Search code examples
perlparsing

How does Perl parse unquoted bare words? (barewords, identifiers)


Unquoted words seem to have a great many meanings in Perl.

print STDERR $msg;

$hash{key}

func( param => $arg )

my $x = str;

How does one determine the meaning of these?


Solution

  • The following chart shows how Perl resolves identifiers in order of descending priority.

    It also applies to identifiers chained by :: (or by ' before 5.42) unless otherwise stated.

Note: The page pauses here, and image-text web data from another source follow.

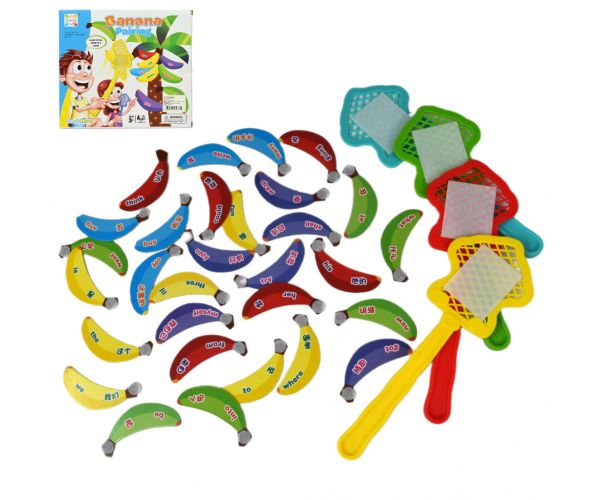 Banana Pairing: Joc de dezvoltare a vocabularului englezesc cu banane velcro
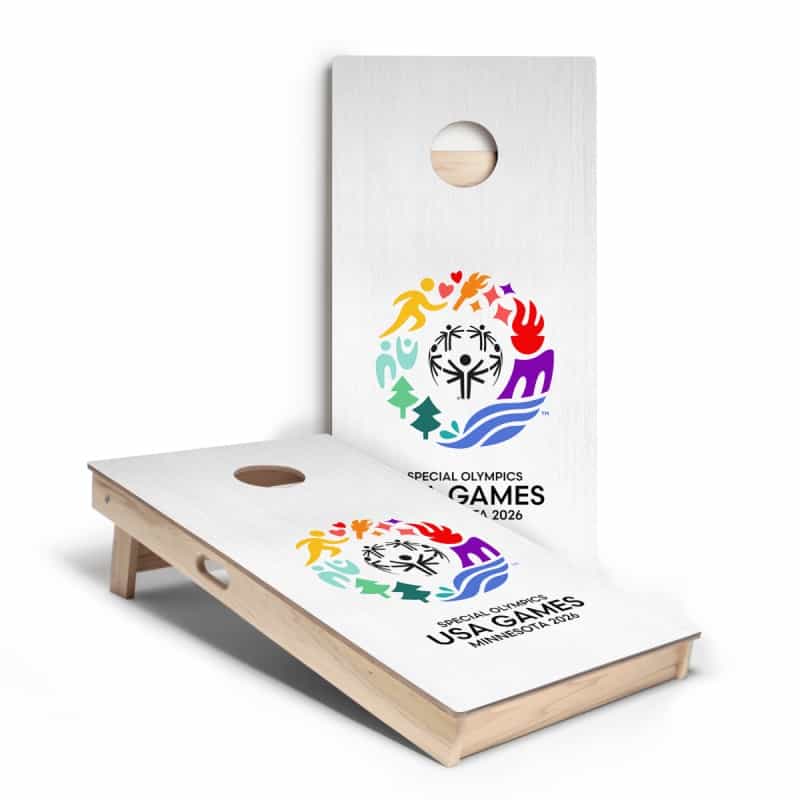 Special Olympics USA Games Star Cornhole Boards
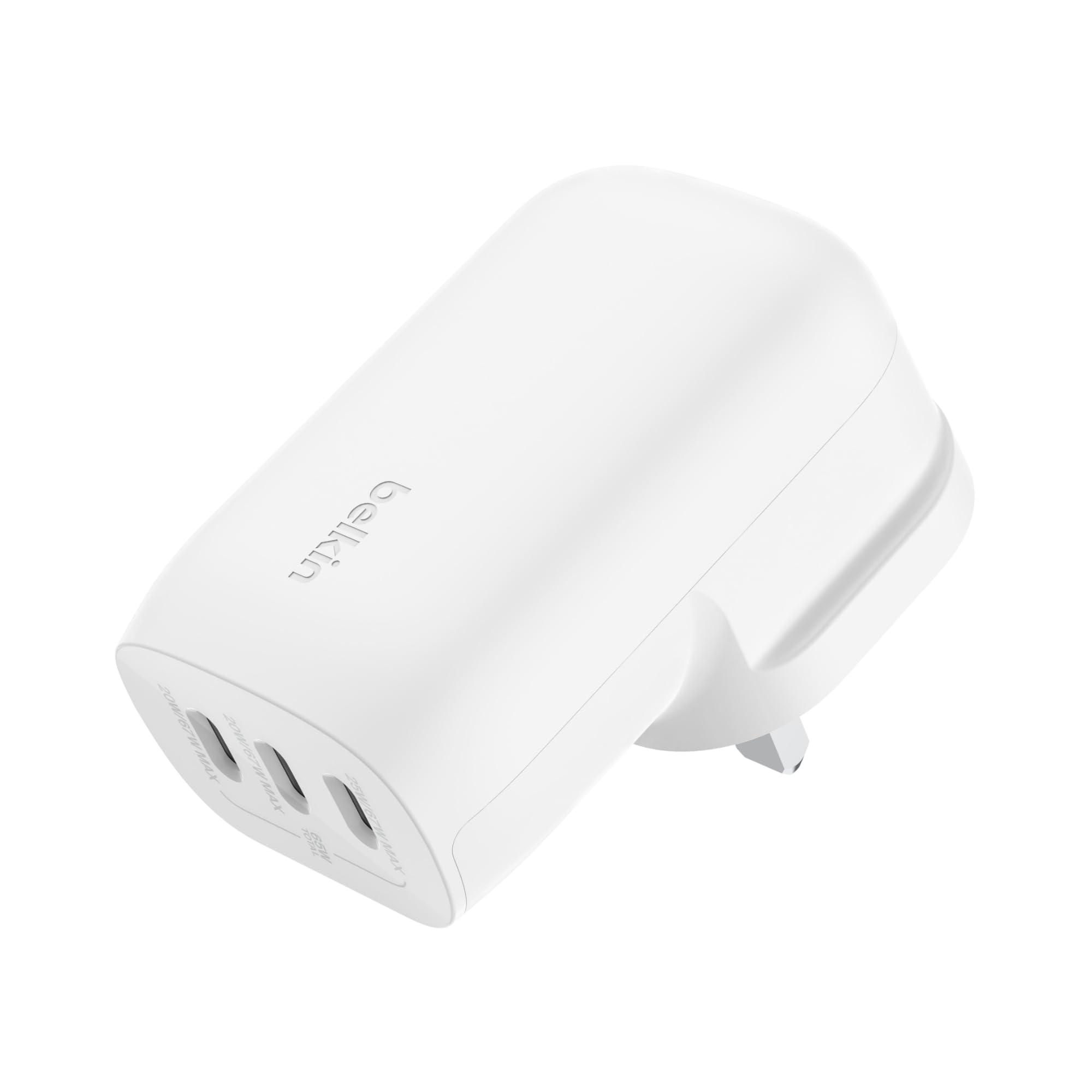 BoostCharge 3-Port USB-C Wall Charger with PPS 67W, USB-C PD 3.1 Enabled Fast Ch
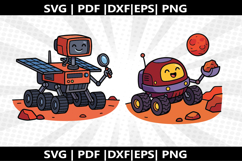 Mars rover cricut Silhouette,kids Shirt ,Cut Product Image 1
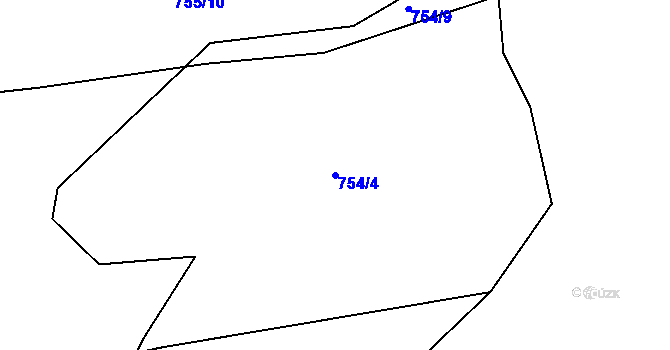 Parcela st. 754/4 v KÚ Smolkov, Katastrální mapa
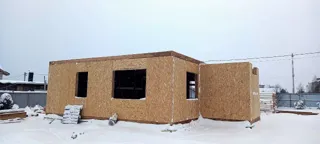 Haus 155 m² nach individuellem Projekt, Siedlung Kukarino: Wandmontage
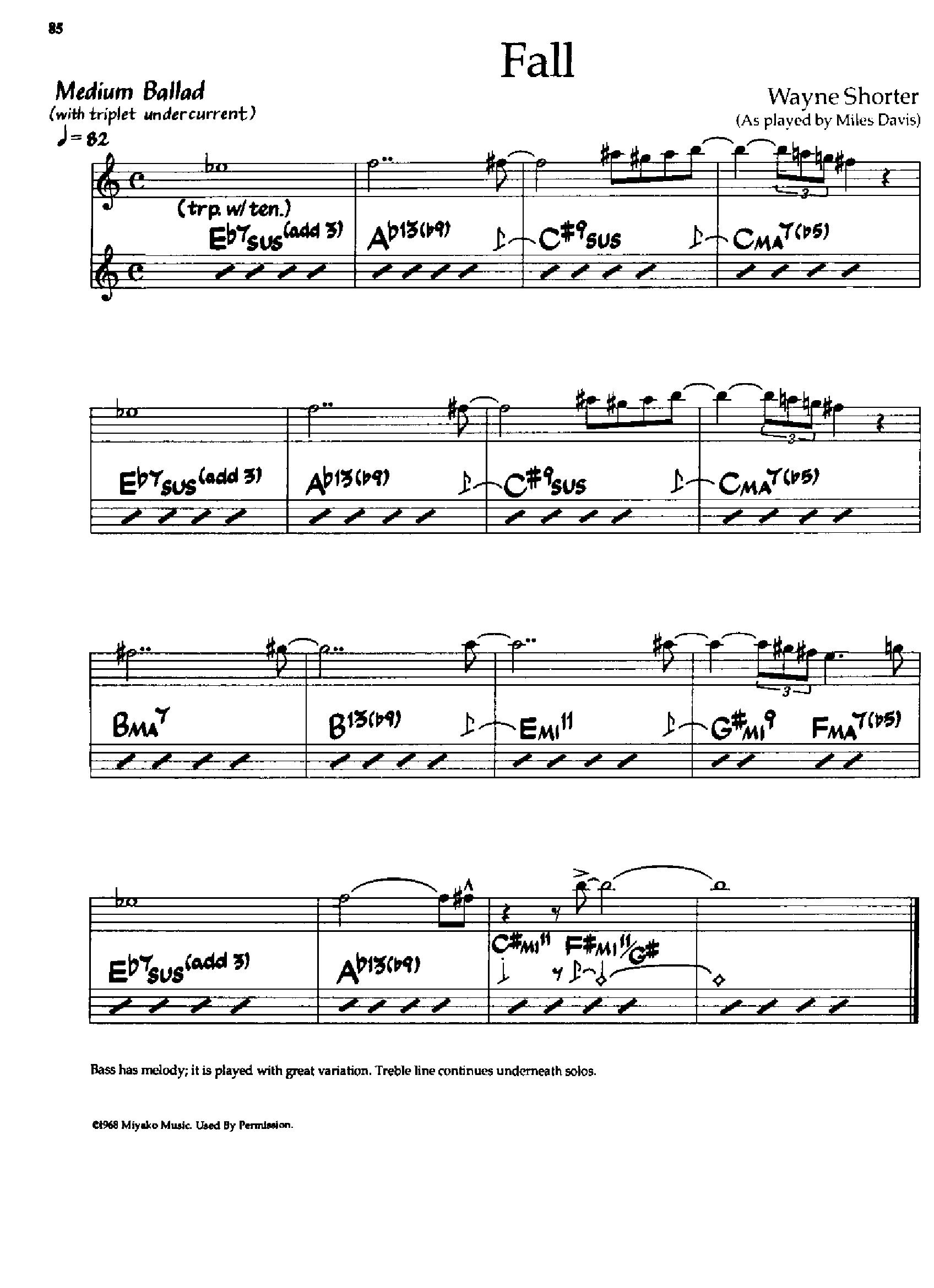 Fall — Miles Davis Fall — Miles Davis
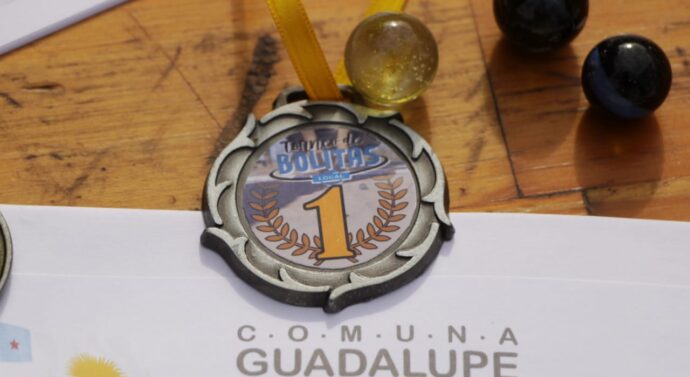 Guadalupe Norte jugó el «Torneo Provincial de Bolitas»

I'll call these "qualified identifiers".

    1. Syntactically-defined meaning, when syntactically expected.

       sub foo { }          # «foo» («sub» is covered later)
       sub main::foo { }    # «main::foo» («sub» is covered later)
       method Class         # «Class» («method» is covered later)
       method Some::Class   # «Some::Class» («method» is covered later)
       $foo
       $main::foo
       //i
       =head
       <<FOO
       Class::
       Some::Class::
       LABEL:
      
    2. String literal, when followed by a => or when the entirety of a hash index expression.

      This doesn't apply to qualified identifiers.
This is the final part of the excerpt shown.